Premièrement, entre 1900 et 1918, la grande migration est considérée comme un moment clé dans l’ouverture du Canada à la diversité. À ce moment, il n’y a pas de sélection des immigrants comme de nos jours. De façon générale, à l’arrivée aux ports de Québec ou d’Halifax, les immigrants devaient continuer dans un train vers l’Ouest canadien, suivant les objectifs d’expansion territoriale du gouvernement fédéral. Mais plusieurs resteront à Québec et à Montréal. La position des francophones de ce temps—pour le moins les élites conservatrices qui s’exprimaient dans les pages de ce journal—est donc un rejet de l’immigration. De ce point de vue, l’immigration est perçue comme un phénomène nuisible qui réduit le poids des francophones au sein de la confédération. L’idée portée par les éditorialistes du Devoir est qu’il est impossible de s’intégrer au Canada français.
La deuxième période couvre 1918 à 1950. Pendant la période d’entre deux guerres, la population juive de la province de Québec est de plus en plus importante. Le Yiddish est vite devenu la troisième langue la plus parlée à Montréal. Le questionnement des Franco-canadiens est alors d’un autre ordre ; est-ce qu’il est possible d’intégrer des non-chrétiens ? C’est donc un double refus de la part des Canadiens français. Il va être aussi mis de l’avant que les Canadiens français sont des colons, qu’ils sont un peuple agricole, ce qui n’est pas le cas des Juifs qui sont venus, dont beaucoup faisaient partie d’une classe moyenne urbaine. Les Juifs sont donc encore plus stigmatisés. Depuis leur arrivée, ils ont été pris en charge par le système scolaire anglophone protestant.

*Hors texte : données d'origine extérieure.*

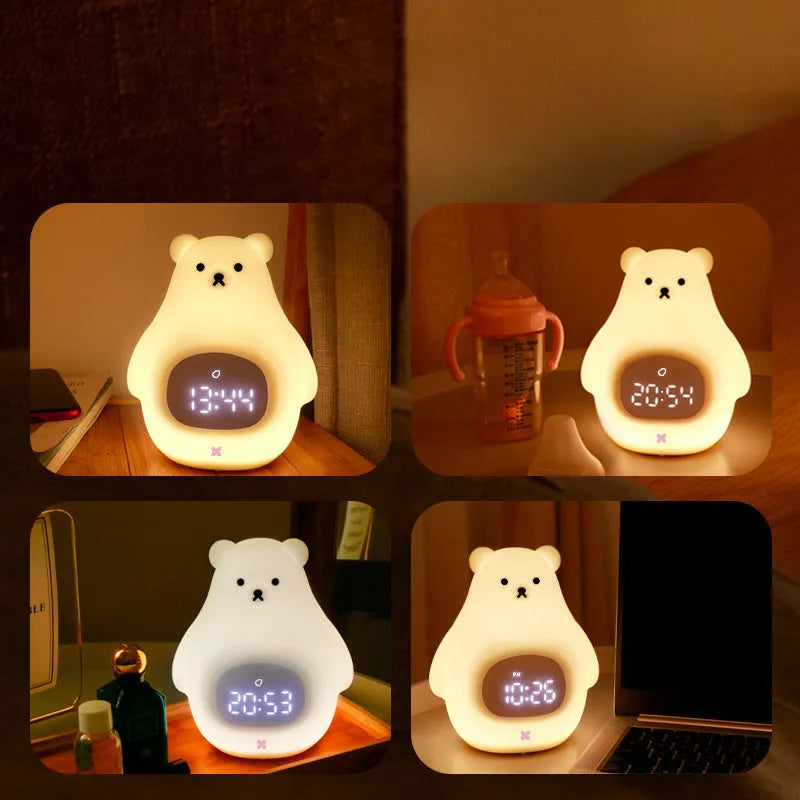 Big White Bear shaped silicone night light with remote control on a wooden bedside table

Lors de la troisième période, de 1950 à 1978, les catholiques anglophones constituent la communauté d’accueil des immigrants. Les nouveaux arrivants sont donc scolarisés en anglais. C’est ce qui explique que les Italiens se soient anglicisés. Il est intéressant de mentionner qu’après la fin de la Deuxième guerre mondiale, les Juifs ne sont plus mentionnés dans les éditoriaux du Devoir. On trouve alors d’autres choses pour revendiquer contre l’immigration.
Dans la période de 1978 à 2007, la langue française devient plus importante que la religion. C’est à ce moment qu’il devient envisageable d’intégrer des immigrants; cela arrive en même temps qu’un nombre important d’initiatives politiques et actions publiques dans la foulée de la Révolution tranquille. Avec la création de la Charte de la langue française et le ministère de l’immigration au niveau provincial, on en vient au milieu des années 1980, à franciser et à intégrer les immigrants dans le milieu scolaire francophone.
Enfin, aujourd’hui, on remarque la réapparition d’une droite nationaliste. On voit aussi revenir le religieux comme un vecteur d’inquiétude et de rejet des immigrants. Pierre Anctil suggère à cet effet de mieux baliser ou encadrer les situations pour éviter un dérapage de discours dans l’espace public. Certes, dans les faits, il est plus difficile pour une minorité d’intégrer des immigrants. Mais comme Pierre Anctil l’a bien fait ressortir, l’encadrement de la diversité au Québec est un phénomène assez récent et les immigrants d’aujourd’hui se voient contraints de vivre avec cette conscience historique profondément ancrée dans une expérience collective (agricole, catholique, francophone) qui exprime des hésitations et des peurs à l’égard de l’immigration.